The White Man: If you say this, I'll personally come get you and revoke all your white privilege if you have any. I can do that you know. Even if you don't have any, I'll still come get you. Avoid. It is always followed by sloppy thinking and stereotypes, just like if you started talking about “the Black Man,” "the Red Man," or "the Yellow Man." Which one? If you want to be sneaky, you can just use “white” as an adjective and not capitalize it, while capitalizing “Black.” Very subversive, and really bugs the heck out of the white man, but there is nothing he can do except keep on oppressing you.
US, United States, America: America includes North, South, Central America and sometimes the Caribbean. When you say “American” do you mean the United States? Or do you mean “white Americans from the United States?” or do you really mean to include all Americans. Since there is no “United Statesian,” you use "US" as an adjective for the US people, but be careful of your imperialist tendencies in doing so, especially when you really mean white US citizens. If you need to you can talk about all Americans with the adjective “pan-American.” The more specific you can be, the better though.
agr: agreement, usually in number or gender: “We is are.”
pt: past tense.
ptpe: past tense for past events.
tense: verb tense
wc: word choice
awk.: awkward phrasing, rewrite.
anything circled: ur doing it rong.

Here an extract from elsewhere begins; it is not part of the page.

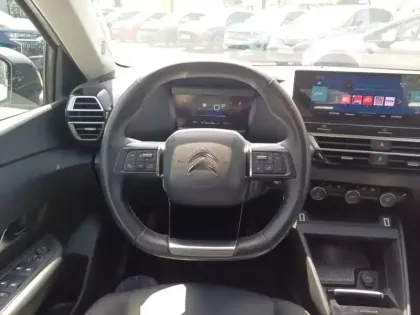 Photo 8 Citroën C4 e- 136 ch Automatique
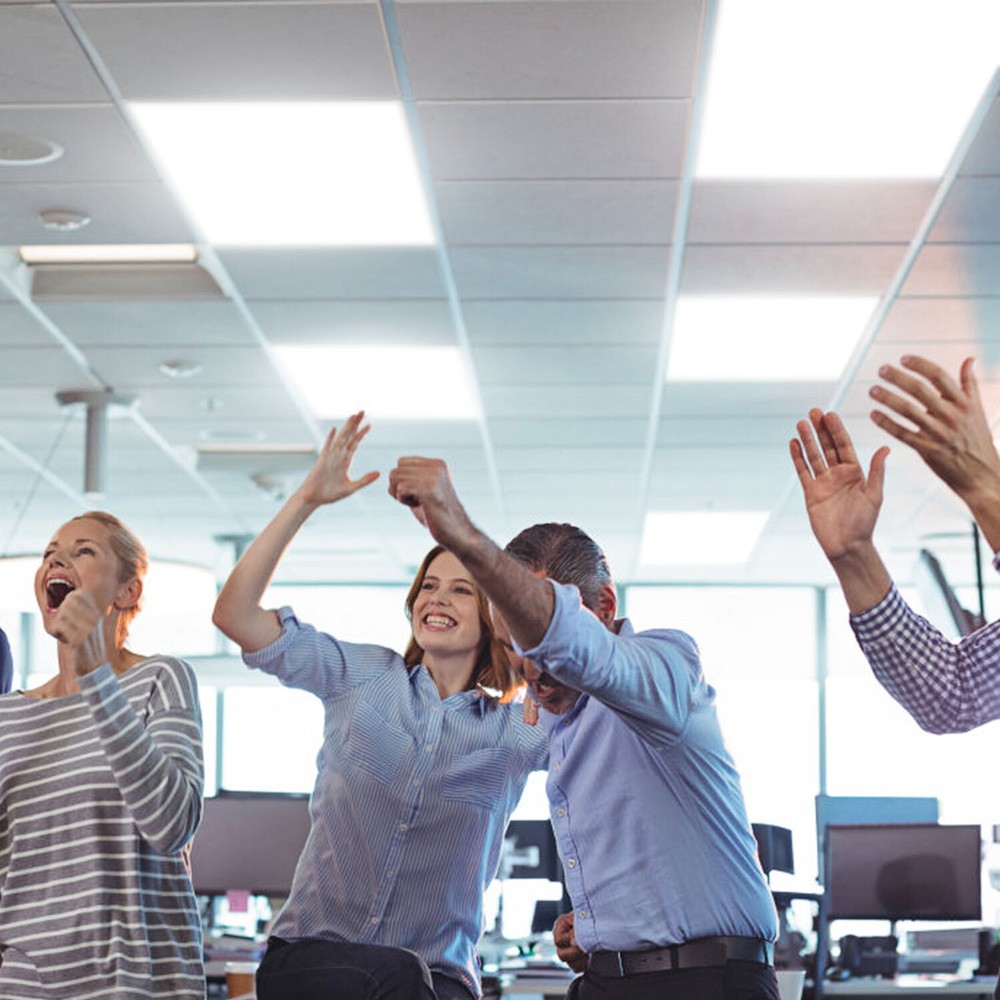 4 Packs 2x2FT White LED Flat Panel Light 48W 7500K Drop Ceiling Light Daylight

Figure it out and fix it.
etc. or …: do it to all the other ones like this too.
=>: block indent (see above)
ital.: fix italics (or less often, Rastafarian for “crucial to I and I's life force”)
caps: FIX CAPITALIZATION.
trans. transition
ttl: title.
ppl: people or population.
rep. It repeats something, or says it again, or is redundant over and over. Remove all but one.
lc: use lower case
frag: sentence fragment.
UG: It are ungrammatical.
sp. speling misteak
squiggly sideways”Z” or mirror image “S” between two characters, words, or phrases: reverse the ordre of them.

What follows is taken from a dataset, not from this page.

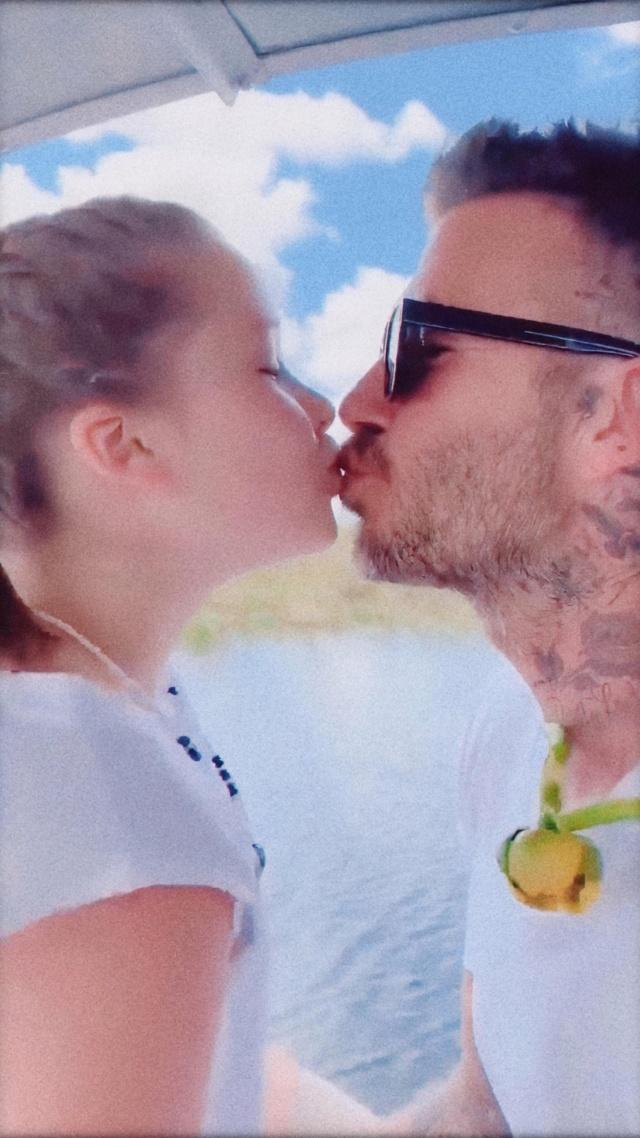 女大十八变!卡纳瓦罗为女儿举办成人礼玛丁娜神似卡帅成性感女神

ref.: means reference, usually an ambiguous reference, meaning a pronoun could refer to more than one previous noun: “John told Bill to eat dinner in the car, then he ate it.” Who ate what?
agr: Agreement, most often of number: John eat two cars, but they eats all the rest.
Non seq: non sequitur, Latin for “does not follow.” It means that the second part of your argument does not follow from the first part. Non seq: John drank the orange juice. The dog got angry. Seq: John ate the dog food and the dog got angry. Seq: John drank the orange juice instead of feeding the dog, so the dog got angry. Often times the correction for a non sequitur is more information. Other times it is because you are not thinking straight and need to think through your argument better. From wikipedia: “an argument in which its conclusion does not follow from its premises. In a non sequitur, the conclusion could be either true or false, but the argument is fallacious because there is a disconnection between the premise and the conclusion.”
taut: tautology, when something causes itself. The cause of the Civil War was the fighting between the states.
ln: last name (use instead of first name after first use, where full name should be given)
LOL: laugh out loud. Less often: LMAO, ROFL: Laughing my A... off., Roll on floor laughing
re: about, in reference to.
:^) smiley face: I'm making a joke. Do not take comment literally. LOL.
Anything nice I will write out completely since it so seldom happens.:^)
colloq: colloquialism. Informal language not to be used in scholarly writing. Jeez. You kids.
For every rule there is an exception: (except this one).